Wikimedia Commons, Lorraine Hansberry Literary Trust

Join KIOS in February for a celebration of America's Black History.  All this month, on each Friday from 1pm to 3pm, KIOS brings you the stories and struggles of Black women and men who helped shape and breathe life into American culture and civil rights. 

On Friday, February 5th at 1pm, we begin with Say It Loud: Great Speeches on Civil Rights and African American Identity.  The hour-long program traces the last 50 years of black history through stirring, historically important speeches by African Americans from across the political spectrum. With recordings unearthed from libraries and sound archives, and made widely available here for the first time, Say It Loud includes landmark speeches by Malcolm X, Lorraine Hansberry, Angela Davis, Martin Luther King Jr., Henry Louis Gates, and many others.

Immediately following Say It Loud on the 5th at 2pm comes Jump for Joy: Duke Ellington's Celebratory Musical.  This hour-long documentary tells how, as the United States warily regarded a world war that seemed to be edging ever closer to home in the summer of 1941, Duke Ellington staged what he would later call "the first 'social significance' show," Jump for Joy.  The production was an all-Black musical revue that Ellington said "would take Uncle Tom out of the theater and say things that would make the audience think."  The show featured Ellington and his orchestra at the peak of their powers with up-and-coming African American performers like actress Dorothy Dandridge, blues singer Big Joe Turner, and comedian Wonderful Smith.

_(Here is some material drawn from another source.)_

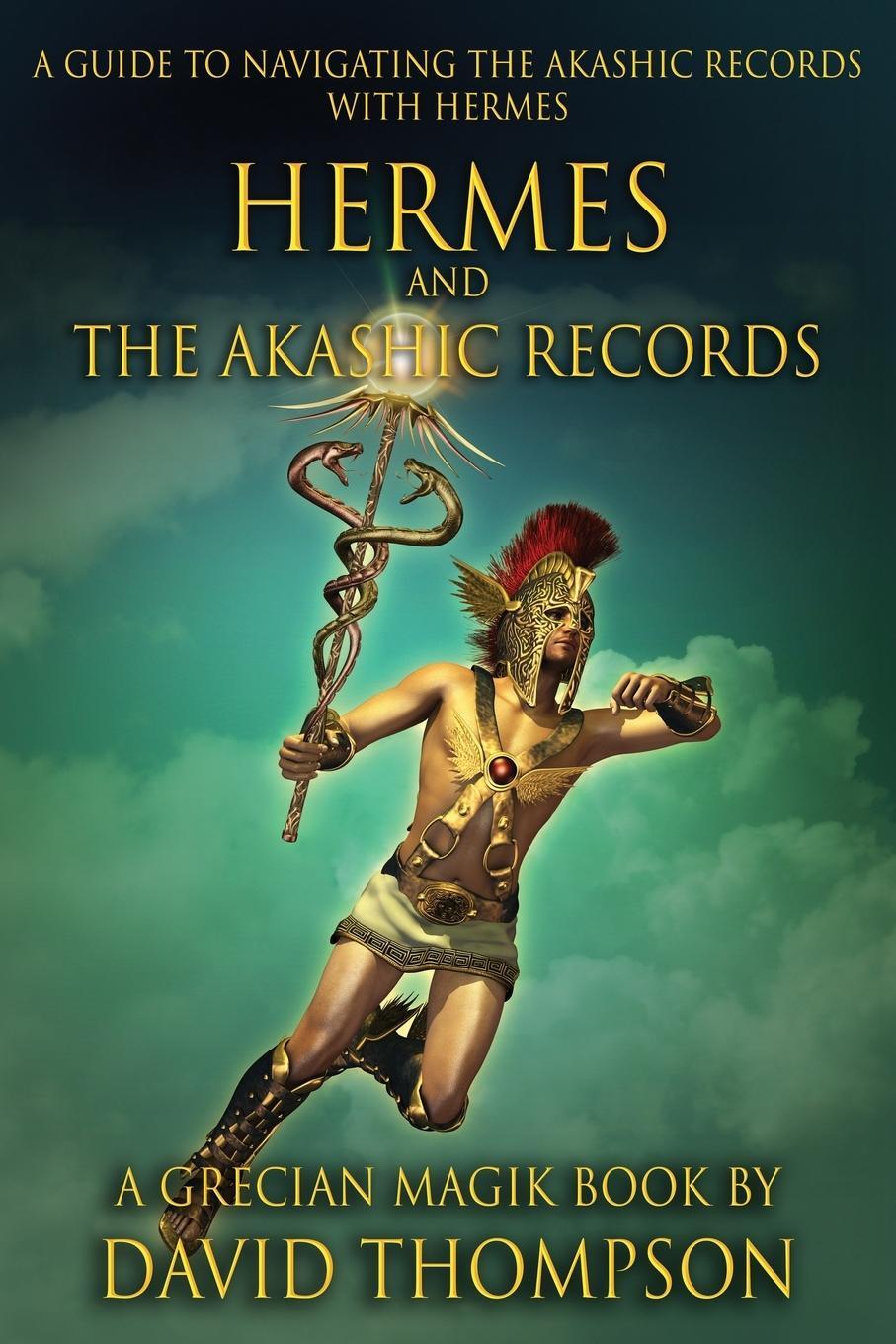 Cover: 9781961765146 | Hermes and The Akashic Records | David Thompson | Taschenbuch | 2023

On February 12th, the 19th, and the 26th, from 1pm to 3pm, KIOS presents the 25th anniversary edition of the landmark series Black Radio: Telling It Like It Was, hosted by the legendary singer, songwriter, and actor Lou Rawls with new narration from original producer Jacquie Gales Webb. The series details the story of radio’s role in the 20th century transformation of the African American community. Through interviews, historical airchecks, comedy, drama, and music, the series reveals the remarkable correlation between milestones of Black radio programming and African American culture. Among other topics the series explores the role of radio during the great migration of Blacks from the South, trail-blazing Black DJs and stations, and Black radio during the Civil Rights movement.